KAYAYA OYULMUŞ EVLER Kaya oyuğu yerleşimi şeklindeki kentin kuruluşunda ve yapılaşmasında gizlilik esas alınmış. Roma devrinde Hristiyanlığı kabul etmiş halk, putperest kitlelerin ve yağmacıların yoğun saldırılarına dayanamayarak saklanmaya elverişli dağlık kesimlere geçmişler. Geriden bakıldığında doğal bir kaya gibi görünen yerleşme yerlerinin iç kısımları geniş mekanlar halinde oyulmuş, aydınlatma ve havalandırma kamufle edilmiş mazgal açıklıklarla sağlanmış. Bakir bir doğanın içinde, mağaraların ve yükseklerde kayalara oyulmuş inziva odalarının bulunduğu Kilistra, İncil'de anlatılan efsanelerde adı geçen antik Kilistra üzerine kurulu. Bu antik köyde, Hz. İsa'nın havarilerinden olan Aziz Paulos'un yaşadığı da söyleniyor. Burası aslında Hıristiyanlar tarafından kutsal sayılıyor. Bugüne dek yapılan kazılarda, beş şapel, bir şaraphane, bir su sarnıcı, bir seramik atölyesi, iki gözetleme kulesi, bir karakol, bir manastır grubu, bir şehir merkezi kazılıp temizlenmiş. Kilistra antik kentine otomobil ile Lystra (Hatunsaray) yönünden gelen ve halen taş döşemeleri yerinde korunmuş, köyün doğusunda yer alan Kral Yolu izlenerek Devrek Mevkine ulaşılır. Devrek mevkinde kentin girişini kontrol altında tutan gözetleme kulesi, sarnıç ve mezarlar gezildikten sonra kentin içine ulaşan antik yol izlenerek Konacak mevkine ulaşılır. Burada tipik kaya oyuğu anıtsal antik mezarlar ve mezarların yer aldığı kayalığın batı eteğindeki toplantı salonu ve diğer sosyal amaçlı yapılar görülür. Güneyinde yer alan 8'nci yüzyılda yapıldığı sanılan Haç Planlı Şapel, içten ve dıştan tamamen kayaya oyulmuş enteresan bir yapı.

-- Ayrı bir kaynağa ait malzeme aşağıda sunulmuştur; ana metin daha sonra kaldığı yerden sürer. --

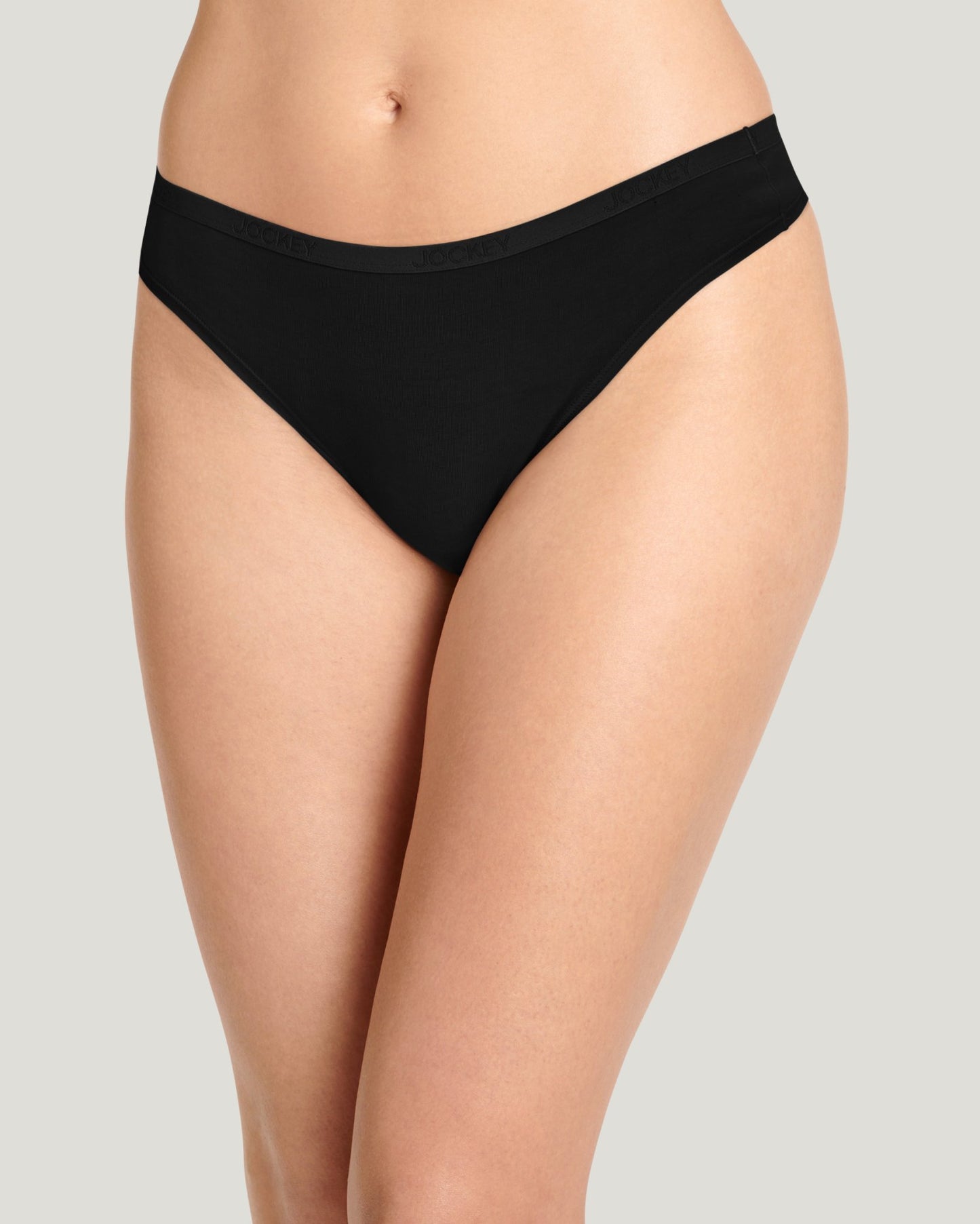 Organic Cotton Logo Thong 3 Pack 20125 001 - Black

YEŞİLİN HER TONU Buradan batıya devam eden Kral Yolunun diğer girişine ait ikinci gözcü kulesi, ikinci karakol ve sarnıç gezilir. Sonrada köy merkezinde yer alan Köy Konağı'na ulaşılır. Köy Konağı'nda yiyecek içecek ve zorunlu ihtiyaçlar temin edilebilir. Köy konağının batısında yer alan su sarnıcı, Söğütlü Deresi'ndeki su yolları gezildikten sonra köylülerce "Paulönü Mevkii" denilen yerde Sümbül Kilisesi'ne gidilir. Vadi içinde doğa ile tarihin iç içe yaşandığı Paulönü Mevkii'nde yeşilin her tonu izlenebilir. Gökyurt köyünün halen yaşayan halkı Kilisra antik kenti üzerine yerleşmiş. Köy, tarım ve hayvancılıkla uğraşıyor. Köylüler Haziran ayının ilk haftası burada şenlik yaptıklarını söylüyorlar. Konya'da bulunan bir çok tur şirketi, Kilistra'ya günübirlik turlar düzenliyor.